Kementerian Perdagangan RI melalui akun media sosialnya juga memberi perhatian besar terhadap potensi besar sentra nanas Tangkit Baru tersebut, dan menyebutkan Jambi merupakan salah satu dan masuk ke dalam lima besar produsen nanas di Indonesia.

Mereka menuliskan, "Kita bisa memodernkan pangan lokal kita menjadi suatu yang bisa diterima secara populer di pasar global".
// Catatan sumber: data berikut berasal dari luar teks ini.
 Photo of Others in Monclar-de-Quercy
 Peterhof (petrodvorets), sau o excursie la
Khusus yang ingin lebih dekat mengenal Desa Tangkit Baru, sentra nanas terbesar di Provinsi Jambi, bisa menelusuri di internet melalui hppt://www.tangkit-baru.blogspot.com

Di halaman blog tersebut bisa mengenal profil Desa Tangkit Baru, industri rumah tangga, lembaga adat, dan tokoh serta pejuang asal desa itu.

Kunjungan wisata edukasi selain menelusuri luasnya area perkebunan nanas, juga bisa mengunjungi sejumlah industri rumah tangga yang mengolah berbagai produk berbahan baku nanas.
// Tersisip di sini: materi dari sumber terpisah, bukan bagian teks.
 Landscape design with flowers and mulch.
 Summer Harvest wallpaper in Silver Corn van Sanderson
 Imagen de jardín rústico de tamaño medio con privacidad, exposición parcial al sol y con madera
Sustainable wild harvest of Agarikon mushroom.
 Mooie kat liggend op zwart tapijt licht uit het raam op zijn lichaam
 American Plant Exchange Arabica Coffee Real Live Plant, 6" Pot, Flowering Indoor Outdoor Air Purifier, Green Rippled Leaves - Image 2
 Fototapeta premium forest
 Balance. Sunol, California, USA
Beberapa industri rumah tangga di desa itu seperti dikutip dari blog Tangkit Baru antara lain Yusra, Jaya Inda, Malakue, Masagena, Tuli Mario, Boccoe Selai Nanas Goreng.

Seperti pada Sabtu siang, belasan pelajar sekolah dasar melakukan kunjungan ke industri rumah tangga Jaya Indah yang terletak tidak jauh dari Tugu Nenas, ikon kebanggaan warga desa itu.

Desa Tangkit Baru, merupakan kawasan khas, potret keberhasilan pengembangan kawasan lahan gambut melalui komoditas pertanian. Tak hanya dalam pengembangan tanaman nanas, Tangkit Baru juga penghasil ikan patin di Jambi yang juga melalui pengembangan kolam di lahan gambut.